### EXERCISE DETAILS
The entries follow. Copy every line in which "Stand" appears.

### DATA RECORDS

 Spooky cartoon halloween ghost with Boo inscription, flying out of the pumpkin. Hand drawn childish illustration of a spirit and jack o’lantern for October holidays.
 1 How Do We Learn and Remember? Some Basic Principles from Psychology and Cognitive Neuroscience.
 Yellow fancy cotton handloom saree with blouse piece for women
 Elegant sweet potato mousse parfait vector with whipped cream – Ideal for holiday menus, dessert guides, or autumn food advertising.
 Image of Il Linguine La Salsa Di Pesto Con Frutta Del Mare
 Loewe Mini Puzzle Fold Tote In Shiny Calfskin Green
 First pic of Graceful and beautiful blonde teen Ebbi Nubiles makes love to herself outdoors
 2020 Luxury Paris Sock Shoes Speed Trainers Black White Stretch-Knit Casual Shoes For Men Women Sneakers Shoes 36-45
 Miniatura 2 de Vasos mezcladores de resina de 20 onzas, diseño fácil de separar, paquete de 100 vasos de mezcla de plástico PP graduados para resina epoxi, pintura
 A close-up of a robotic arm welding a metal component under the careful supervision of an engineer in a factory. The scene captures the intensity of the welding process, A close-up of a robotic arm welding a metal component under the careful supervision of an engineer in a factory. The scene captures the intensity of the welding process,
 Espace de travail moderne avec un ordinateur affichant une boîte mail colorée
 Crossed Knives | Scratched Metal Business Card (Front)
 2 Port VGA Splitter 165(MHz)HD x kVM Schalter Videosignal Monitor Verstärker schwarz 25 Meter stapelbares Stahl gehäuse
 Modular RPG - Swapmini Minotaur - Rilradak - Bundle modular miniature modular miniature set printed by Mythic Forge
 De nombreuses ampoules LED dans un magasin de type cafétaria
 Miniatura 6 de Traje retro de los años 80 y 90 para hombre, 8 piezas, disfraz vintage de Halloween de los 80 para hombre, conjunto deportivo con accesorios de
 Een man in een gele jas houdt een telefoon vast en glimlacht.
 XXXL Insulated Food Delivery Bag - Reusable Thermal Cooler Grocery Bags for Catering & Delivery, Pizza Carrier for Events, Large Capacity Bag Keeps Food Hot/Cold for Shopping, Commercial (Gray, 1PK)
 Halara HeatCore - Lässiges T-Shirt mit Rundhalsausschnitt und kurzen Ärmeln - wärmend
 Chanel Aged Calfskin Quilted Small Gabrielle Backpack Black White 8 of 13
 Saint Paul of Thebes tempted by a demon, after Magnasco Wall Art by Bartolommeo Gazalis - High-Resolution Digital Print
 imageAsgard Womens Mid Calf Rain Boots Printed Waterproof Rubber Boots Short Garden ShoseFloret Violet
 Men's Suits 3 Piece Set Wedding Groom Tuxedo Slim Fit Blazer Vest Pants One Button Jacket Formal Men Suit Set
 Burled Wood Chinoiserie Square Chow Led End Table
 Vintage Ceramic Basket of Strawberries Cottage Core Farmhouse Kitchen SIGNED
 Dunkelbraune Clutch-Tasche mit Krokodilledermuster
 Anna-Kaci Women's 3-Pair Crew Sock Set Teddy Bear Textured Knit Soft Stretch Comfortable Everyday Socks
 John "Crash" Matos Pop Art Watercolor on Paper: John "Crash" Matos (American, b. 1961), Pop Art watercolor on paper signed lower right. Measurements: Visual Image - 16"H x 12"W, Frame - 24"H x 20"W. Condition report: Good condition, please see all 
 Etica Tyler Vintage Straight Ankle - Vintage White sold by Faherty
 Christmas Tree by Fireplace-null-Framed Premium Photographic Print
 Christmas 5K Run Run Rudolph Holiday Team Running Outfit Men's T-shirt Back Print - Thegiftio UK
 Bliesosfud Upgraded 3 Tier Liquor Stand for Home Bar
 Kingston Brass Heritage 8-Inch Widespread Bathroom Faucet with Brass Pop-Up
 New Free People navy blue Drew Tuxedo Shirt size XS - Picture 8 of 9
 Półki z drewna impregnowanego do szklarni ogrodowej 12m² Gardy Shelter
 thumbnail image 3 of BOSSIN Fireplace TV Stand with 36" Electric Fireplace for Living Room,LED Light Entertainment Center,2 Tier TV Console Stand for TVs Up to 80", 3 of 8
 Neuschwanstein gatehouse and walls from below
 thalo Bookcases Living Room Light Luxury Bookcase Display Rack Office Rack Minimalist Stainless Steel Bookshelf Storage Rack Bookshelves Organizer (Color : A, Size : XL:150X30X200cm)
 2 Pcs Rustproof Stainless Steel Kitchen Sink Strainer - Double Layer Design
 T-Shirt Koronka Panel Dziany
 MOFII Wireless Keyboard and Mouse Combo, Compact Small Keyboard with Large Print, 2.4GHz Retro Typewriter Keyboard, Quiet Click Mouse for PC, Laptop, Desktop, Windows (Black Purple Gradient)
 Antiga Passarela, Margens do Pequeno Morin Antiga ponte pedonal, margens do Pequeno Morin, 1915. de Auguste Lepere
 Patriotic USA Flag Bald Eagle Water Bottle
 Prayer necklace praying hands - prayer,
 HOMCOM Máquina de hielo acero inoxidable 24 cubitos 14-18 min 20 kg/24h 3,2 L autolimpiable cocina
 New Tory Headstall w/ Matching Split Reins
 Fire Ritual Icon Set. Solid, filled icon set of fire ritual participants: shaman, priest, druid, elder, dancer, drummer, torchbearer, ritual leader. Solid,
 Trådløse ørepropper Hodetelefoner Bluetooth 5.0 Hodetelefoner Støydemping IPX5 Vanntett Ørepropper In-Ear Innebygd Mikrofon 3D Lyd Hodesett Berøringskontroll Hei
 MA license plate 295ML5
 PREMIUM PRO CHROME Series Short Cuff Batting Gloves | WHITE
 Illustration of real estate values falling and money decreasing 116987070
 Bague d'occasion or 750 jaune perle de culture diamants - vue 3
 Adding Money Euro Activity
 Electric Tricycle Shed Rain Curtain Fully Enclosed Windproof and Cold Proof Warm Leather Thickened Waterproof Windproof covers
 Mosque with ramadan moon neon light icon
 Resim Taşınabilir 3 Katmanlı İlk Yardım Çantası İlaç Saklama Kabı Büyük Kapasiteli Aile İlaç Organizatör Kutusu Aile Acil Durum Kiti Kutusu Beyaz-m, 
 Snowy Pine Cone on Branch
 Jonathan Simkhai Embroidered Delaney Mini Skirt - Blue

### REPLY TO THE TASK
 Bliesosfud Upgraded 3 Tier Liquor Stand for Home Bar
 thumbnail image 3 of BOSSIN Fireplace TV Stand with 36" Electric Fireplace for Living Room,LED Light Entertainment Center,2 Tier TV Console Stand for TVs Up to 80", 3 of 8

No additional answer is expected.